# Can I read a small 80mm CD in a Mac?



## sgould (May 9, 2012)

I only have two Macs.  A fairly new 27 inch iMac and a 2007 2.2GHz MacBook.  Both have slot load disc drives.  However, I have been sent a new bit of electronics which has the instruction manual on a small 80 mm (8 cm) CD.

Is there any way I can read this on either of my Macs?

If not is there a cheap external drive around with a tray that will take it?


----------



## DeltaMac (May 9, 2012)

The mini-CD will not work in either Mac that you have now. If you insert the CD, it will be lost. I've taken a bunch of CD drives apart, just to retrieve a stuck mini-CD or mini-DVD.

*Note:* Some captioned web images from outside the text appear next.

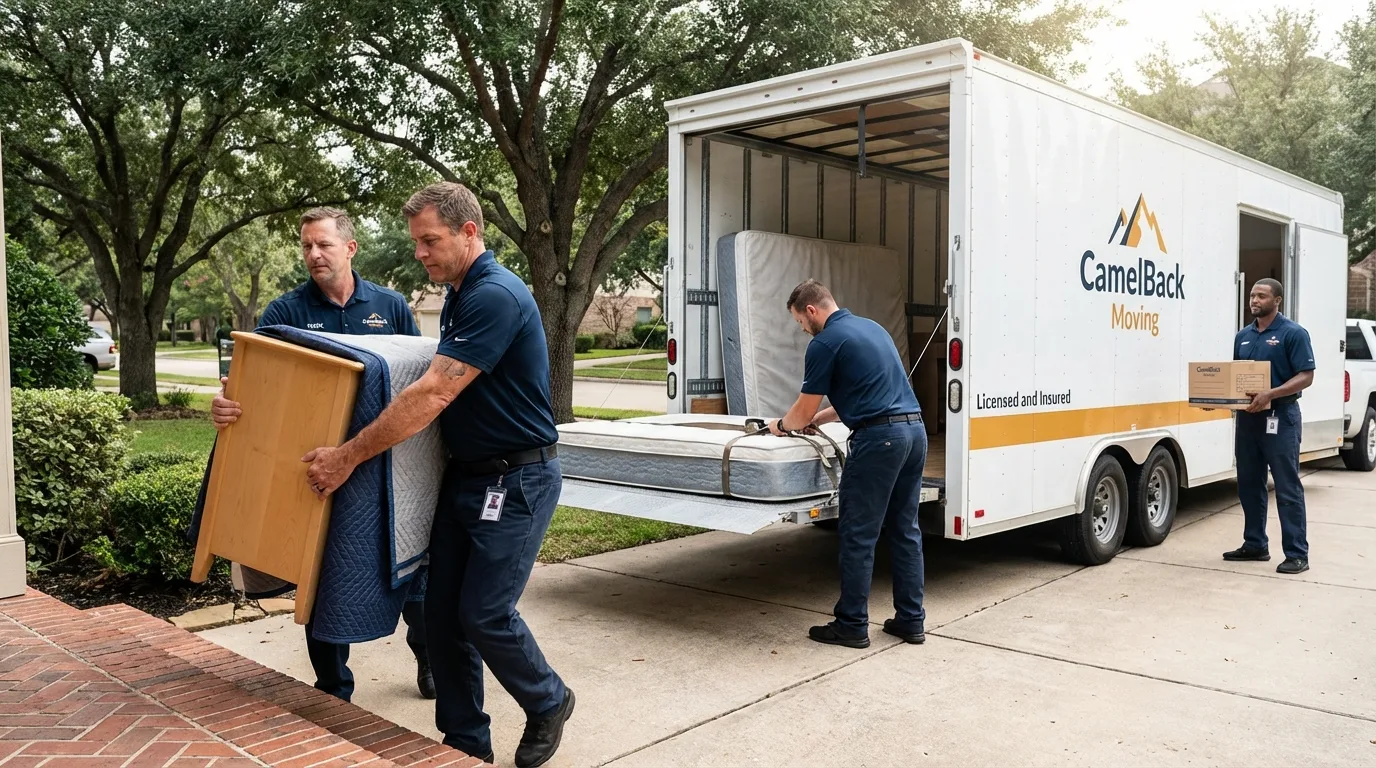 Crew loading residential truck for cross-state move from Jackson Center, OH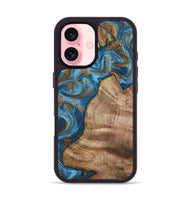 iPhone 16 Wood Phone Case - Julisa (Teal & Gold, 800084)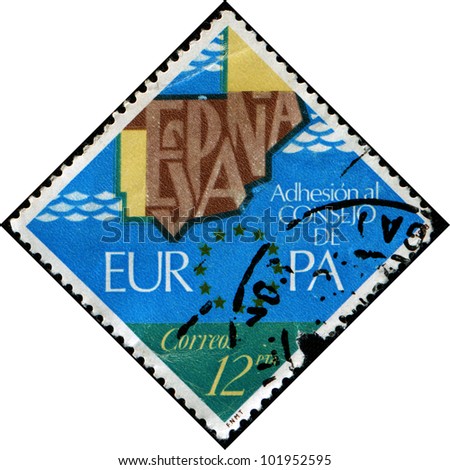 SPAIN - CIRCA 1978: A stamp printed in Spain honoring Membership of the Council of Europe, shows Council Emblem and Map of Spain, circa 1978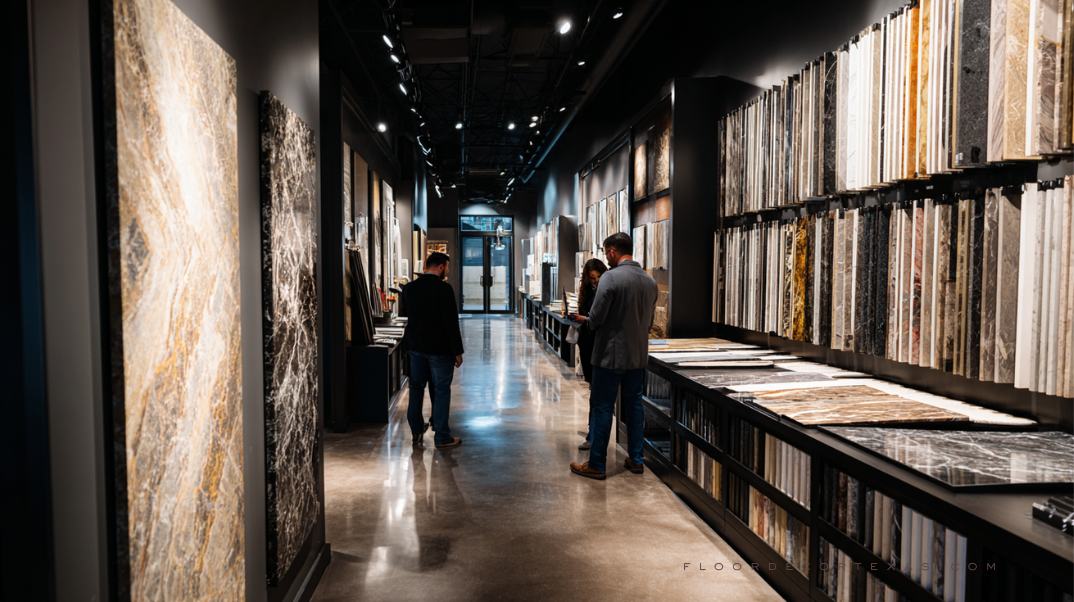 Texas homeowners and designers choosing between granite and marble flooring in a showroom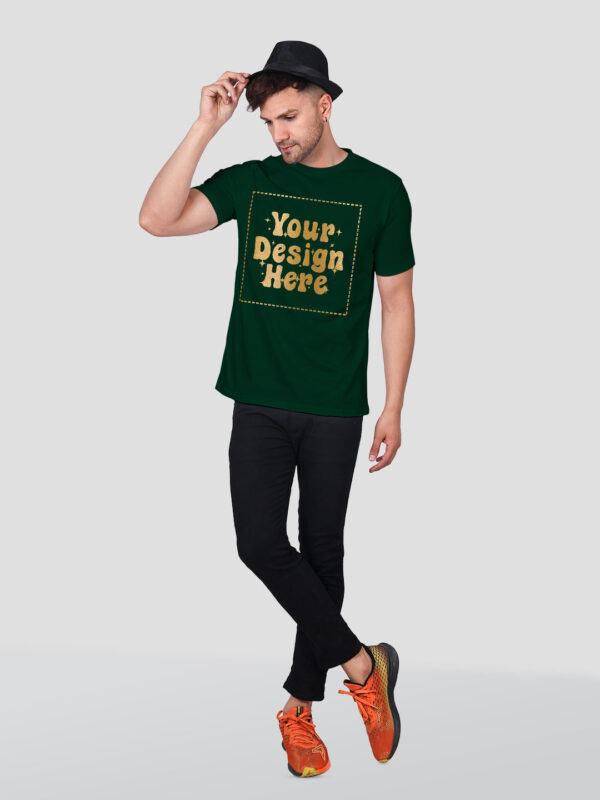 Man Customize Bottle Green Gold Printed Tshirt - Image 3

An external CD drive with a tray - probably not less than $50 - http://eshop.macsales.com/item/Other World Computing/VLU2SD22X/

Have you checked at the web site for the gear that you purchased? You may find that user manual as a download.


----------



## Satcomer (May 9, 2012)

If i were you i would buy one of  the Blu-Ray Externals and just get the shareware Mac Blu-Ray Player. I use this software right now and they have been good about keeping up the Blu-Ray copyright through free updates to the program.


----------



## DeltaMac (May 9, 2012)

How does that fit with the OP's question?
Not quite "cheap", and the OP may not need that if the manual is available for download.
There's also a good chance that the manual on the mini-CD is Windows-only.


----------



## sgould (May 10, 2012)

Thanks for the suggestions.  I'm looking at this Dynamode one, but the local PC World were out of stock last night.  So ordered online. We'll see.

I'm expecting it to be a Windows program.  Maybe the manual is text, but there's a bit of software too I believe.  I would run this on the laptop under the Parallels emulator.


----------